Benign disorders of the lower reproductive tract (Non-Cancerous)
Lower reproductive tract comprised of vulva, vagina and cervix. This area can be affected by a wide spectrum of conditions from physiological, benign, premalignant and cancer (dealt with previously).
Squamous cell hyperplasia (thickening):
Chronic or on going trauma, like rubbing or scratching, can elicit a protective thickening of the effected skin. This thickening can affect the superficial layers and even the deep layers of the skin, causing a palpable thickening that may affect both sides of the vulva and even extend into the thigh areas. The main treatment modality is to prevent the rubbing, scrubbing and chronic itch-scratch cycle. This is often caused by the chemicals contained in cleaning solutions and topical solutions. Topical and even systemic steroids may be needed to decrease the inflammation, while lubricants and sitz baths restore the skin barrier.
It is defined as a chronic inflammatory condition that predominantly affects the anogenital region. It is classically found in postmenopausal women, but can present in women in the premenopausal group and can even affect children. Many causes have been described like infection, genetics, hormonal and autoimmune conditions. In autoimmune conditions there seem to be a link between lichen sclerosis and thyroid disease and diabetes. Despite the many proposed causes it seems to rather be a multifactorial condition leading to difficulty in treatment.
Despite the fact that it is a benign skin condition, there seems to be a link between it and cancer of the vulva. This then requires close monitoring and regular assessments to prevent malignant transformation. In many cases it may be completely without symptoms, but the most common symptom is itching, resulting in scratching starting a cycle causing redness, breaking in the skin and thickening. This in turn may result in dyspareunia (pain during intercourse), painful urination and anorgasmia (inability to climax). As a result of discolouration of the skin it can be misdiagnosed as vitiligo and the only way to be sure is to have biopsy taken for histological assessment. Hormonal deficiency may respond to topical hormonal cream, but in the long term it may not treat the symptoms. Treatment include symptom relieve, prevention of anatomic changes and early detection of malignant transformation, this include education, vulvar hygiene, and pharmacological treatment. First line will include topical steroids, usually starting with lowest concentrations and increasing depending on response. Estrogen cream can be used to treat the itching, thinning skin, and prevent labial fusion, but is not the long-term solution. Surgery is reserved for the severe cases and in women where there is concern about possible malignancy. Understanding the condition will go a long way in setting realistic treatment goals.
Other conditions include:
Inflammatory causes like contact dermatitis, which is as a result of contact with an offending substance like soap, creams, powders, certain types of material, perfumes and lubrication. The treatment will be to identify and avoid the causative agent often by trial and error. Symptoms are treated as needed.
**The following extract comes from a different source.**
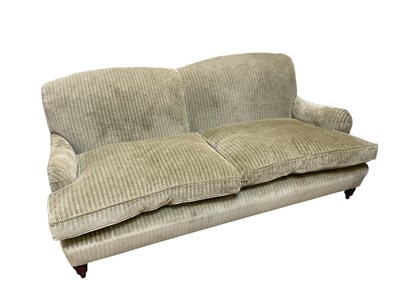 Lot 1024 - A modern two seater settee, with olive green...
Atopic eczema is essentially nappy rash and can present with severe itching resulting in scaly patches and fissures/small tears. Treatment includes steroids and emollients and bath oils can offer relieve.
Psoriasis is an immunological condition resulting in thickened red areas of skin covered by silvery scales. Immune regulators in the form of creams and topical steroids form the basis of treatment, while other additional options include vitamin D ointment, and phototherapy.
Lichen planus is uncommon and can present with chronic vaginal discharge, intense pruritus, dyspareunia and bleeding after intercourse. Women with vaginal Lichen planus often have other areas involved and vice versa, so lesions in the mouth are also common. Treatment will include ultra-potent corticosteroids, often in combination with antifungal and antibiotic preparations.
Ulcerative lesions (sores) on the vulva and vagina are most likely infective in cause. Common infections include syphilis, herpes, chlamydia, gonorrhoea but cancer needs to be borne in mind. Treatment is often education and a course of antibiotics or antivirals in the case of herpes. Symptom relieve is also needed like pain medication, secondary infection treatment and partner involvement/treatment.
Vitiligo is de-pigmented skin as a result of loss in epidermal melanocytes. There is no greater propensity to race, ethnicity or socioeconomic circumstances, but it is more obvious in darker pigmented women. There seem to be a genetic component to its development and possible autoimmune link. It develops slowly and may often involve other areas of the body in a symmetrical fashion like the neck and face. Advances in its treatment have included narrow-band UV phototherapy, targeted light therapy and immune modulators.
The focus is on Lichen sclerosis, which can become malignant and the other infections and lesions that can be treated especially if treatment is sought early. In essence lesions of the vulva and vagina require further investigation or at least a look at by a doctor before it is written off as normal.